Binary diffs to reduce update download sizes

Lourens Veen lourens at rainbowdesert.net
Thu Aug 3 11:52:11 BST 2006


Note: I'm not subscribed to the list. Please CC me; I will also keep an 
eye on the archives.

The Problem

Some time ago I installed Ubuntu on my mother's computer, and noticed 
that there is a lot of downloading involved to keep the system up to 
date. After installing Ubuntu 6.06 LTS, a full update means a new 
kernel, a new X.org, a new GNOME, and a whole bunch of miscellaneous 
applications. And after that, new updates keep arriving regularly.

Now, I have a fast broadband connection at home, so downloading a few 
dozen megabytes is no problem. On a 56k modem it's a different story 
however: a simple kernel update to fix a security problem means 
downloading a 21MB kernel package. That takes at least an hour, and 
much longer if your connection isn't very good. Kernel updates aren't 
that rare.

I "solved" my mother's problem by disabling updates, but of course that 
is not a good idea in the long term (and probably not in the short term 
either). She has since upgraded to a DSL line, and updates have been 
reenabled, so my immediate problem has been solved.

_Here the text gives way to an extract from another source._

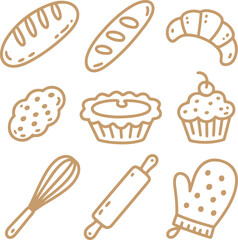 Bakery Icon Set. Whimsical Line Art for Baking Enthusiasts and Foodies
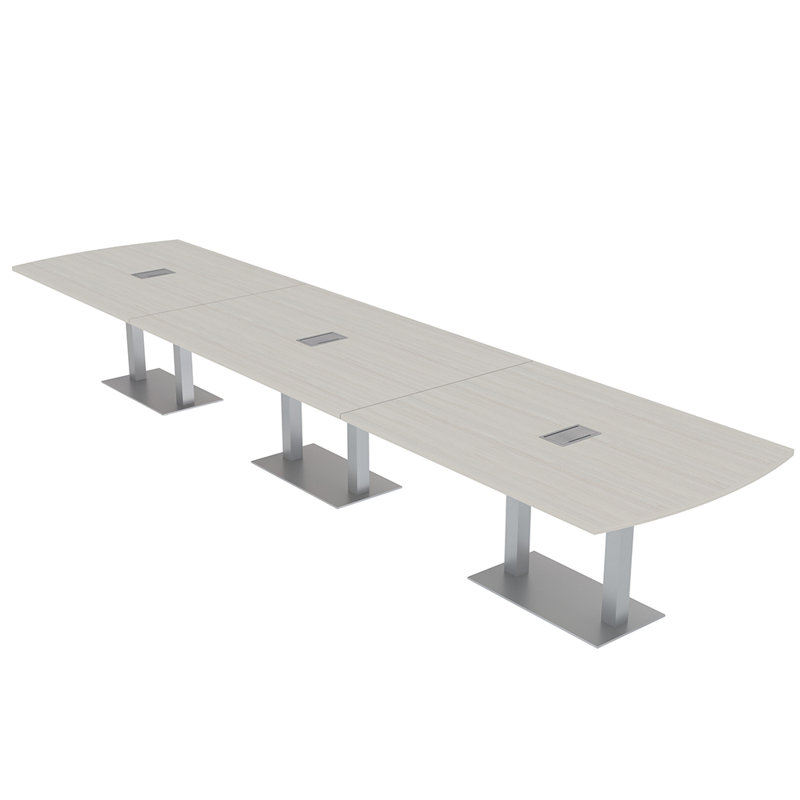 Table de conférence Pavert Arc Unité électrique, H 30 po x l 192 po x P 48 po, Sel Lakeland, Argent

This got me thinking however. There are a lot of places in the world 
where Internet access isn't ubiquitous and cheap, and people in those 
places should be able to run free software, and Ubuntu, as well. They 
too should be able to get updates easily, even on a slow connection.

Experiment

Most updates are only small source patches, and security updates doubly 
so. I figured that the binaries of the different versions of a 
programme would probably be similar too, and that we should be able to 
make much smaller updates. I decided to experiment a little.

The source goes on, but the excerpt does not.